Subsonic aeroelastic effects of train-body skin structures have been intensely attractive among researchers due to the improvement of high-speed train speed. In this article, the aeroelastic behaviors of a laminated composite plate with embedded Macro Fiber Composite (MFC) actuators in hygrothermal environment under the subsonic airflow has been investigated. The Von Karman large deflection theory and the subsonic aerodynamic model based on the Bernoulli's equation are applied in the formulation. The principle of virtual work is adopted to obtain the nonlinear aeroelastic equations of the laminated composite panel with embedded MFC actuators. Subsequently, the Newmark method and Newton-Raphson method are combined to solve the framework in order to capture the nonlinear aeroelastic response of the subsonic laminated panel in time domain. Since the presence of moisture concentrations, temperature rises and applied voltages of the embedded MFC actuators will result in additional stiffness effects on composite panels by inducing prestress, thus change the aeroelastic behaviors of the composite panel, the influences of these main parameters on aeroelastic performance are analyzed.

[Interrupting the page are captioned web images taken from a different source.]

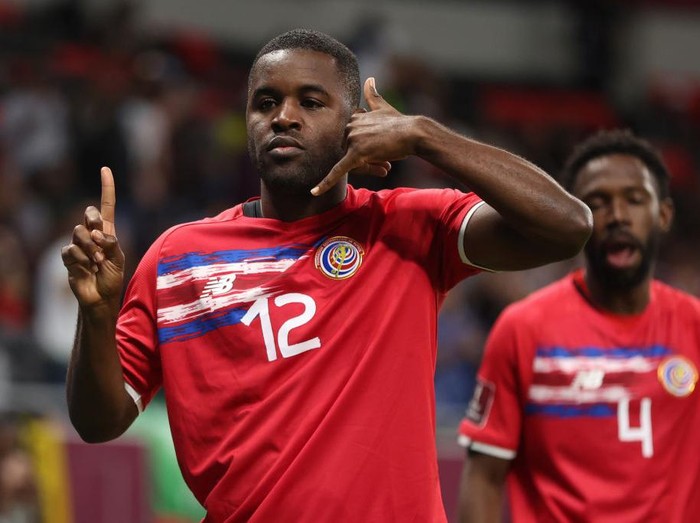 DOHA, QATAR - JUNE 14: Joel Campbell of Costa Rica celebrates after scoring a goal to make it 1-0 in the 2022 FIFA World Cup Playoff match between Costa Rica and New Zealand at Ahmad Bin Ali Stadium on June 14, 2022 in Doha, Qatar. (Photo by Matthew Ashton - AMA/Getty Images)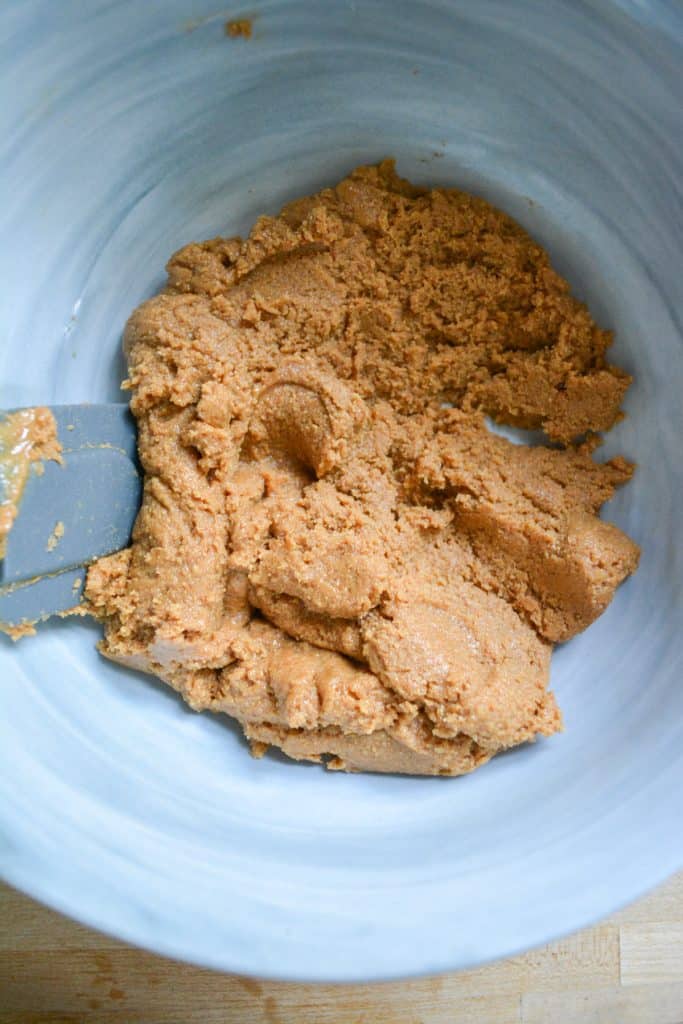 peanut butter and brown sugar creamed together in a marble bowl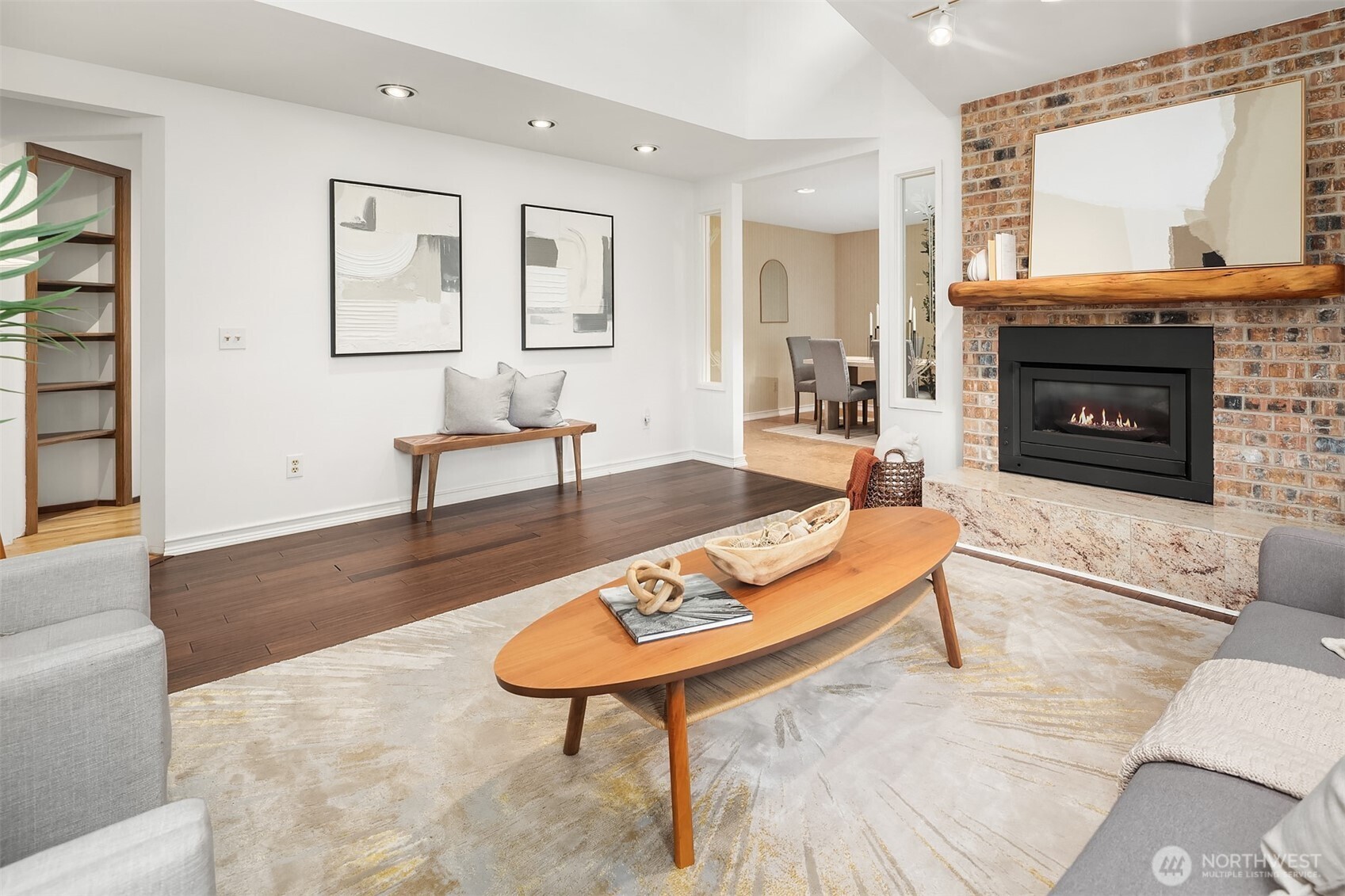 637 Elm Place Edmonds, WA 98020 - Photo 7 of 34 a living room with furniture a fireplace and a table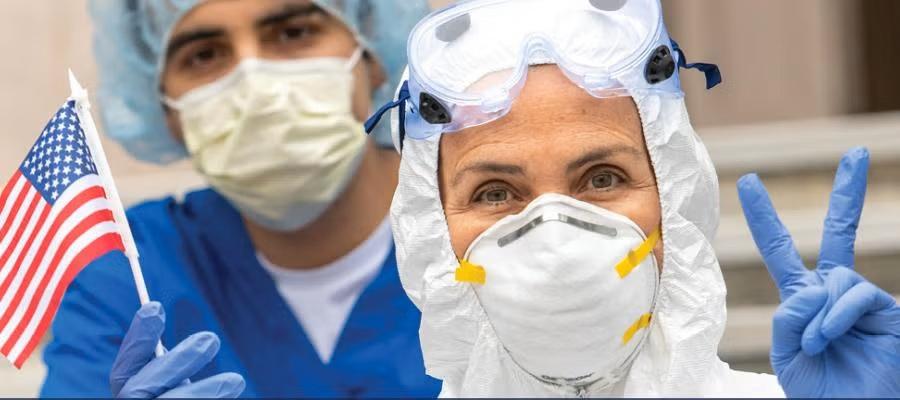 National Hospital Week. Two clinicians in surgical scrubs, masks, hoods, and gloves, one holding an American flag, one giving the peace sign.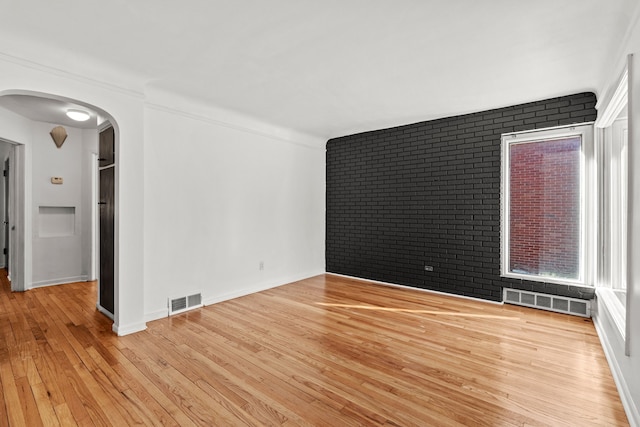 unfurnished room with light hardwood / wood-style floors and brick wall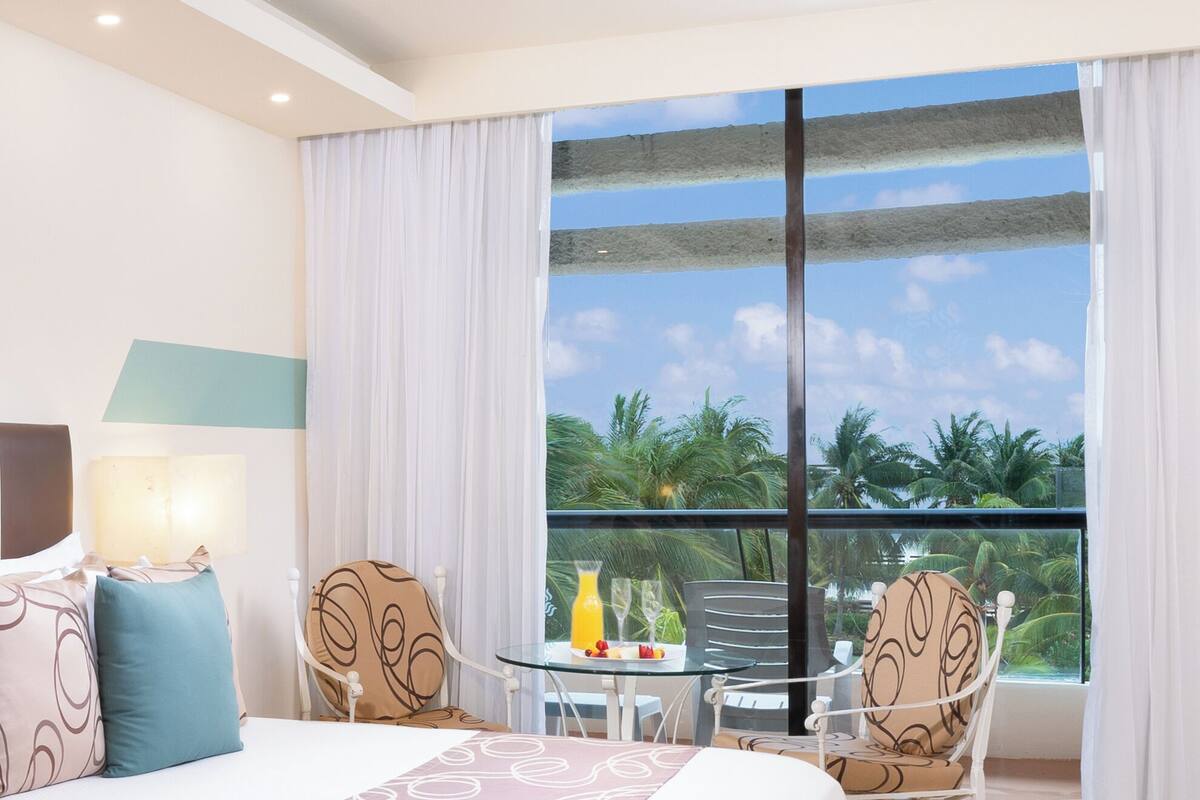 Ein Hotelzimmer mit einem großen Bett, zwei Sesseln, einem kleinen Tisch mit einem Getränk und einem Balkon mit Blick auf Palmen.
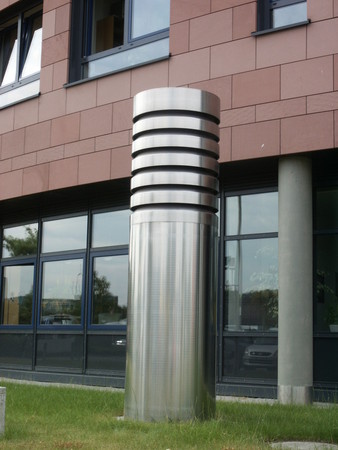 Tall stainless steel cylindrical sculpture with black horizontal bands stands on a grassy patch beside a brick building.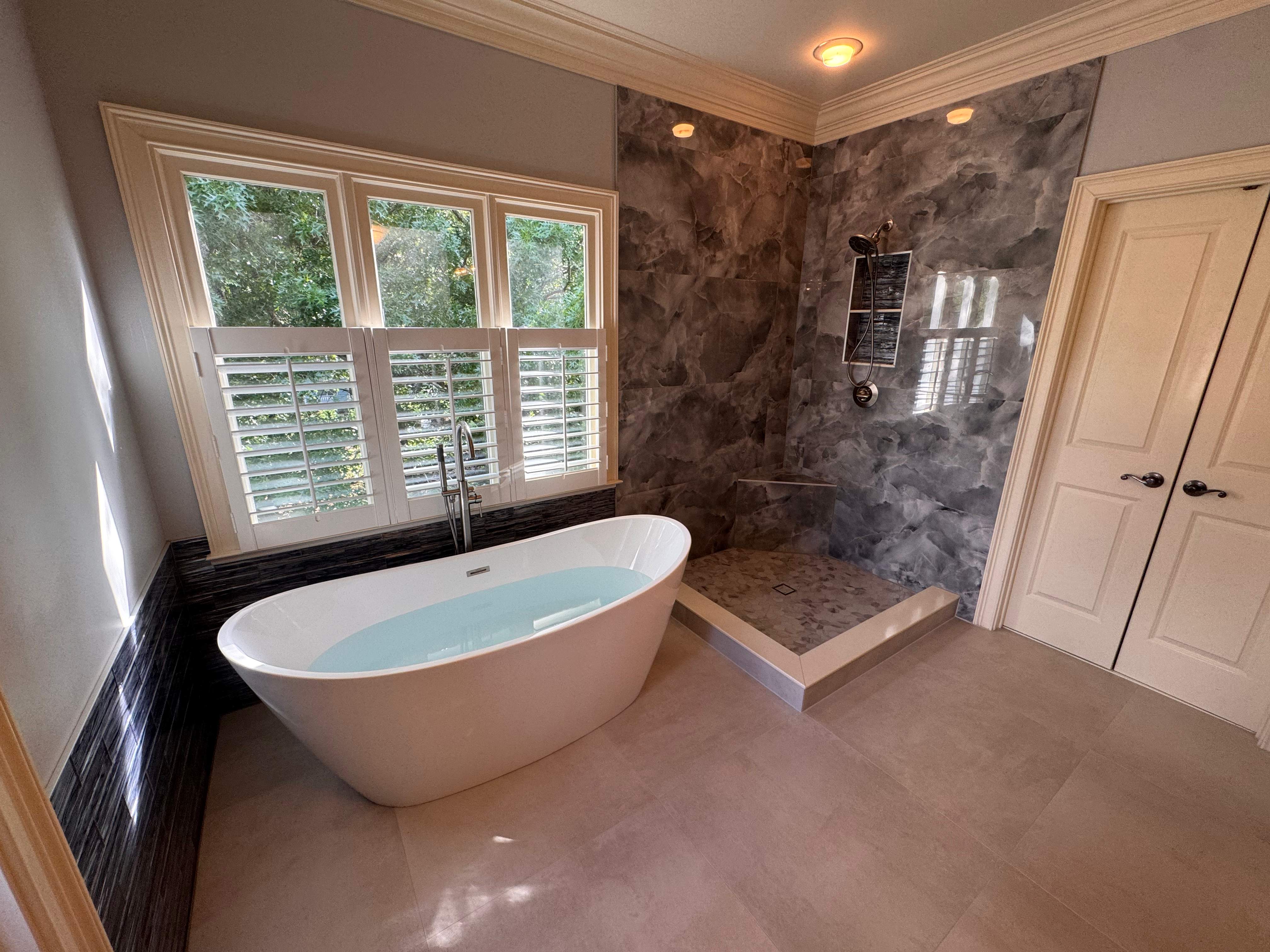 Master bathroom renovation using Free standing tub by Prudencio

The results show that the aeroelastic flutter velocity of the composite panel gets remarkably deteriorated due to the adverse hygrothermal environment and can be strengthened through the applied voltages and appropriate lamination angles of embedded MFC actuators. Besides, the main findings of this study are the anti-symmetric laminate buckles then changes to an periodic oscillation like the limit-cycle-oscillation while there is no such phenomenon for the symmetric ones.